I have two dataframes like below.
d = {'serial#': ['AAA111', 'BBB222', 'CCC333', 'DDD444', 'EEE555'],
'Status': ['Compatible', 'Compatible', 'Not compatible', 'Not compatible', 'Not compatible']}
df1 = pd.DataFrame(data=d)
d2 = {'serial#': ['DDD444', 'EEE555'], 'Model': ['printer', 'printer']}
df2 = pd.DataFrame(data=d2)
print(df1)
print(df2)
serial# Status
0 AAA111 Compatible
1 BBB222 Compatible
2 CCC333 Not compatible
3 DDD444 Not compatible
4 EEE555 Not compatible
serial# Model
0 DDD444 printer
1 EEE555 printer
I need to modify the column 'Status' from df1. For this I need to make a filter using the 'serial#' columns of each of the dataframes. The lines under the 'Status on df1' column will be modified if ' there are items that match on df2 'serial#' column.

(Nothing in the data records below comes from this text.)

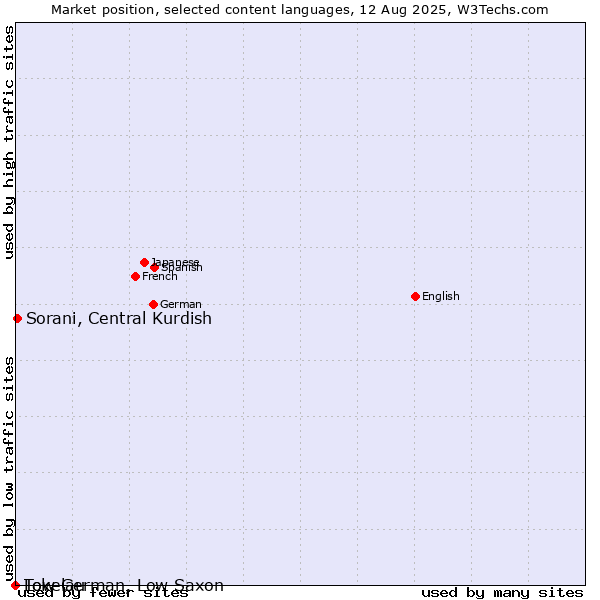 Market position of Sorani, Central Kurdish vs. Low German, Low Saxon vs. Tokelau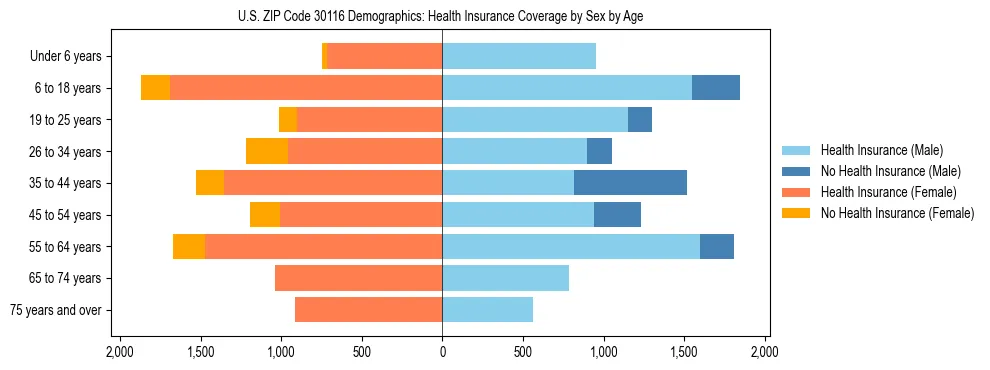 Pyramid chart showing health insurance coverage by age and sex in US ZIP Code 30116.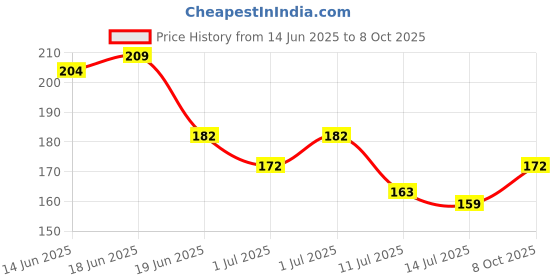 flipkart.com ornamac Backrest Cap for Ola S1 Pro Gen 2, S1 Air, & S1X – Durable Combo ornamac Price History Graph from 14 Jun 2025 to 8 Oct 2025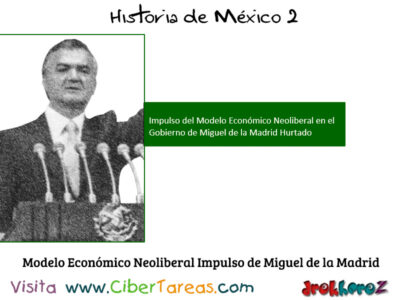 Modelo Economico Neoliberal Impulso de Miguel de la Madrid Hurtado en Mexico Contemporaneo Historia de Mexico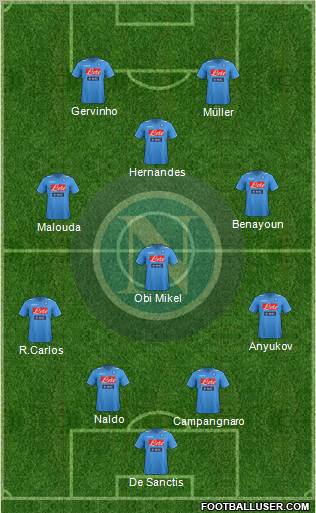 Napoli Formation 2011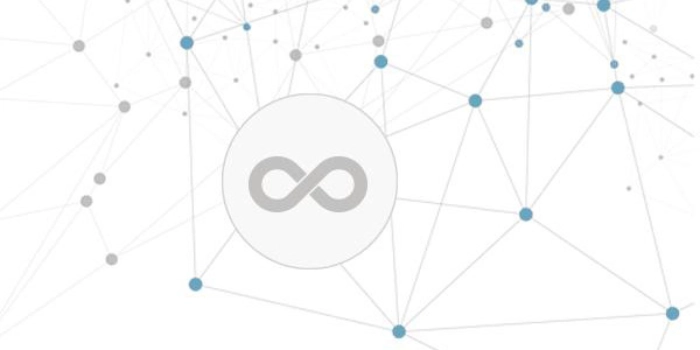 Business success through continuous delivery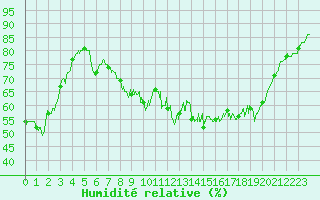 Courbe de l'humidit relative pour Cannes (06)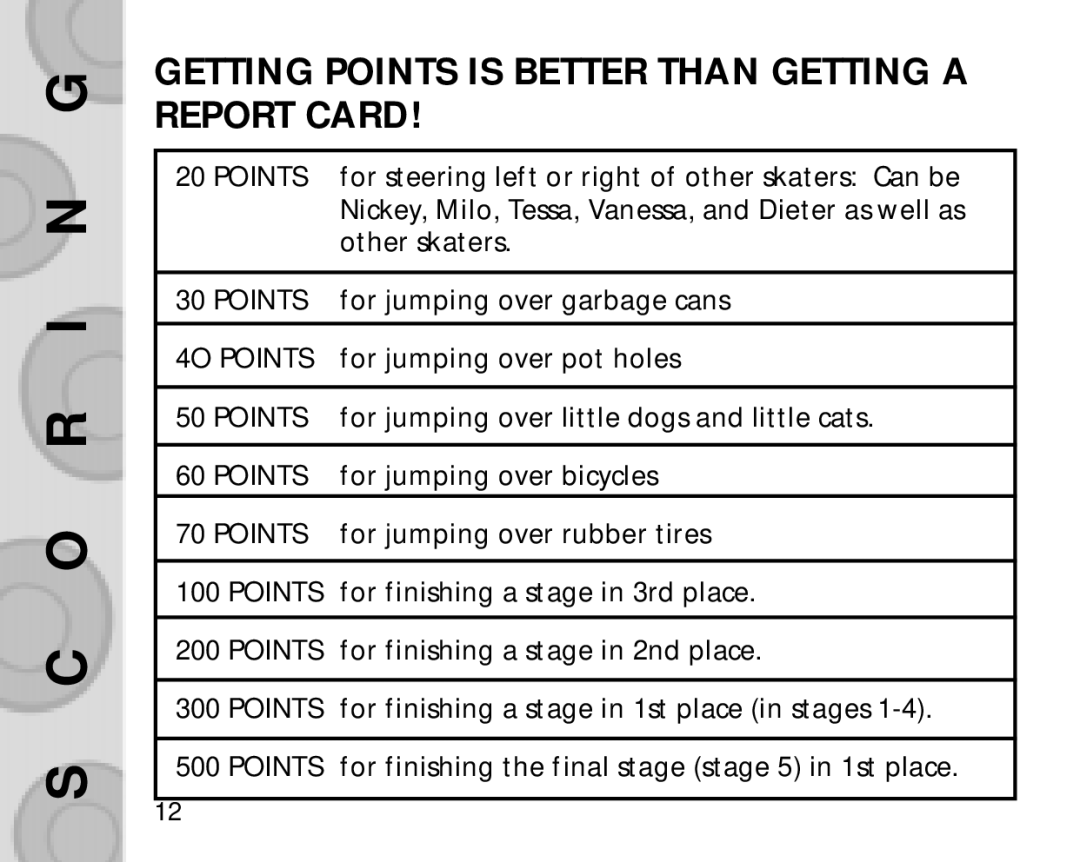 Hasbro 60-044 manual O R I N G, Getting Points is Better than Getting a Report Card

Suppose I need to replace data in the filtered rows by the string "reporting", the df1 desired is as below.
serial# Status
0 AAA111 Compatible
1 BBB222 Compatible
2 CCC333 Not compatible
3 DDD444 Reporting
4 EEE555 Reporting
How can I do that? Any help is welcomed.
CodePudding user response:
Use isin
to check serial#
from df2
then use it as boolean mask to set Status
to 'Reporting':
df1.loc[df1['serial#'].isin(df2['serial#']), 'Status'] = 'Reporting'
print(df1)
# Output
serial# Status
0 AAA111 Compatible
1 BBB222 Compatible
2 CCC333 Not compatible
3 DDD444 Reporting
4 EEE555 Reporting
CodePudding user response:
You can perform a left join between both and then a conditional term on Status column:
import pandas as pd
import numpy as np
d = {'serial#': ['AAA111', 'BBB222', 'CCC333', 'DDD444', 'EEE555'], 'Status': ['Compatible', 'Compatible', 'Not compatible', 'Not compatible', 'Not compatible']}
df1 = pd.DataFrame(data=d)
d2 = {'serial#': ['DDD444', 'EEE555'], 'Model': ['printer', 'printer']}
df2 = pd.DataFrame(data=d2)
df3 = df1.merge(df2, on='serial#', how='left')
df3['Status'] = np.where(df3['Model'].notnull(), 'Reporting', df3['Status'])
df3 = df3.drop('Model', axis=1)
df3